Vladimir Putin’s Newest Export: Terrorists
New details about the suspect in the New Year’s attack in Istanbul emerged on Wednesday, according to the Turkey’s Anodolu Agency. Officials say they have identified the man, but have not released his name.
Police raided four addresses in the Turkish city of Izmir—about a seven-hour drive west from Konya, where the attacker was thought to have lived in the weeks before the attack—and arrested 11 women and nine men, the state-run news agency reported, citing an anonymous official. Those arrested were reportedly from Dagestan, eastern Turkestan, and Kyrgyzstan.
They also confiscated 41 fake passports from an assortment of countries, 15 fake Turkish identity documents, and a GPS device that police said was used by ISIS militants in conflict areas. Based on photographs, the forged identity documents seem to represent a variety of Central Asian republics, including Uzbekistan and Turkmenistan, as well as Azerbaijan.
Anodolu also reported that police found military and night vision equipment, and an ammunition belt during the raids. Twenty children were detained and put into temporary care.
The Turkish newspaper Hurriyet reports that the suspect had close ties with Turkey’s Uighur community. People from this Turkic ethnic group are found primarily in China, where they number in the millions, but also throughout Central Asian post-Soviet republics and within Turkey itself. A small population of Uighurs lives in Russia.
Hurriyet reports that the attacker arrived in Istanbul on Nov. 20, and went to Konya on Nov. 22 after passing through Ankara. He paid three months’ rent, in cash, for a house, and left Konya several times before the attack on the Reina nightclub in the Ortaköy neighborhood of Istanbul in the early hours of Jan. 1.
After the massacre, the shooter allegedly called an ISIS recruiter named Yusuf Hoca, according to Hurriyet. He also supposedly found his way to a Uighur restaurant and asked employees there to pay his taxi driver.
Some Uighur citizens have been detained as part of the search, the Turkish newspaper also reported, adding that the attacker’s contacts in Konya had fled by the time police located their houses, and that two real estate agents had been detained in relation to the case.

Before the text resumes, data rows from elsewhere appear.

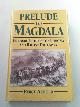 0947792538 ARNOLD, Percy, Prelude to Magdala: Emperor Theodore of Ethiopia and British diplomacy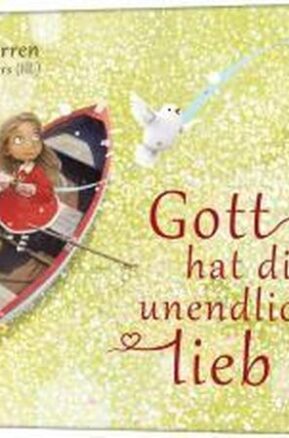 Zusammenfassung des Buches Gott hat dich unendlich lieb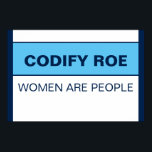 Kodifiera romska kvinnor är människor poster<br><div class="desc">Kodifiera Roe Women är People. Kodifieringsrollen bör vara golv i högerna för kvinnors hälso- och sjukvård, inte taket. Och det finns inte ens nu. Säg till kongressen att de gör det minsta de kan för kvinnors hälsa, säkerhet och jämställdhet, för kvinnor är människor. Konstruktionsbeskrivning: Utformningsutrymmet är en vit bakgrund med...</div>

Earlier, Turkish authorities had said that their prime suspect was a Kyrgyz national, who arrived in Turkey with his wife and children weeks before the attack. Turkish media then named a 28-year-old man from the Central Asian republic as the suspect, but he was allowed to fly back to Kyrgystan after being questioned by Turkish agents. The man was in Turkey on business and is no longer a suspect in the attack, officials said.
Turkey has a fraught terrorism history with ethnic minorities from the republics of the former Soviet Union, particularly the Caucasus. Chechen warlords and their families found refuge there over the course of two grisly wars, the second of which leveled the Chechen capital of Grozny.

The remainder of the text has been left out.